By: Dana Smith, MSV Summer Intern
In a town as deeply rooted in its past as Vermilion, it feels like almost everyone has experienced some sort of historic preservation or renovation. Our merchants reside in historic buildings (it seems like almost every building used to be a dry goods store) with a diverse list of former tenants that traces the town’s evolution. From the countless former captains’ homes scattered across the city and the quest for the lighthouse’s Fresnel lens to the amount and variety of objects donated to the Vermilion History Museum, Vermilion is rife with reminders of our past that many try to preserve. Restoration can require scouring the house for clues as to its original floor plan, trying to sort through conflicting information as to how many rooms there were or number of seats a venue could hold, struggling with what is salvageable and what can’t be saved – but it’s all worth it when the project is complete.
While there are many restored historic properties in town, one that’s ready to start gaining momentum again is the Vermilion Opera House.

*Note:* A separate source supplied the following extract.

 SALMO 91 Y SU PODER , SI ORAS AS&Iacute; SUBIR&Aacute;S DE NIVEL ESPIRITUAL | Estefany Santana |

The endeavor has faced several challenges since its inception but continues to look toward the future, and is a perfect example of the time, effort, and perseverance required to successfully reinvigorate historic properties.

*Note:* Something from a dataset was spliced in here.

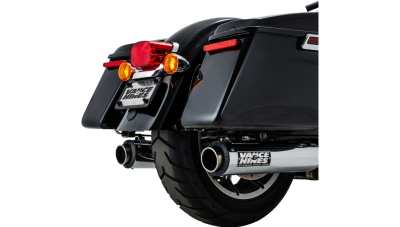 Vance & Hines - Vance & Hines Eliminator Supersport Slip-On Mufflers - Chrome - M8 Touring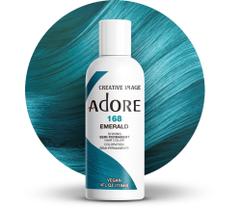 Tintura Semipermanente Adore 168 Emerald 118 ml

Built in 1883, the Old Town Hall used to be the center of political and social activity in Vermilion. While township offices resided and functioned in the building until 2005, the Opera House most likely saw its last event in the mid-70s. Since then, it has sat mostly untouched and vacant on the second floor of the Town Hall. While time has taken its toll on the old theatre, many of it original features remain: beautiful stain glass windows, the balcony, curtains, and theatre seats were all part of the initial structure. They remain there now, just waiting for someone to walk in the door and into the past. Many can probably relate to this feeling of entering a historic space, recognizing its potential, and envisioning it as it once was.
As is the goal with most restorations, the Vermilion Opera House organization hopes to bring new life to the space while preserving its essence. One concert occurred last year when The Voice contestant Emily Keener of Wakeman utilized the space for a music video. With the audience full and her on stage, it must have been easy to imagine a time where this would have been regular gathering place for Vermilion residents. Even though the Opera House project is currently on hold, Sid Jordan says, “I’m still approached on a regular basis by people who want to help!” So, with the right people and enough time, hopefully we’ll be able to add the Opera House to the list of successful historic preservations in Vermilion.

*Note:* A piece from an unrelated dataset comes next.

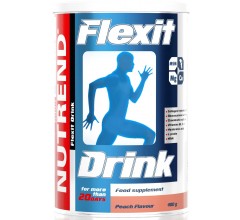 Nutrend Flexit drink 400g клубника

There is a certain specialness that surrounds buildings like this. They emanate a strong sense of place for Vermilionites that inspires a passion to bring them back to life. Whether you volunteer your time, voice your support, take up a project of your own, or appreciate the final product, discover and explore the past of your town. There are little pockets of history like the Opera House all around Vermilion – you just have to find them!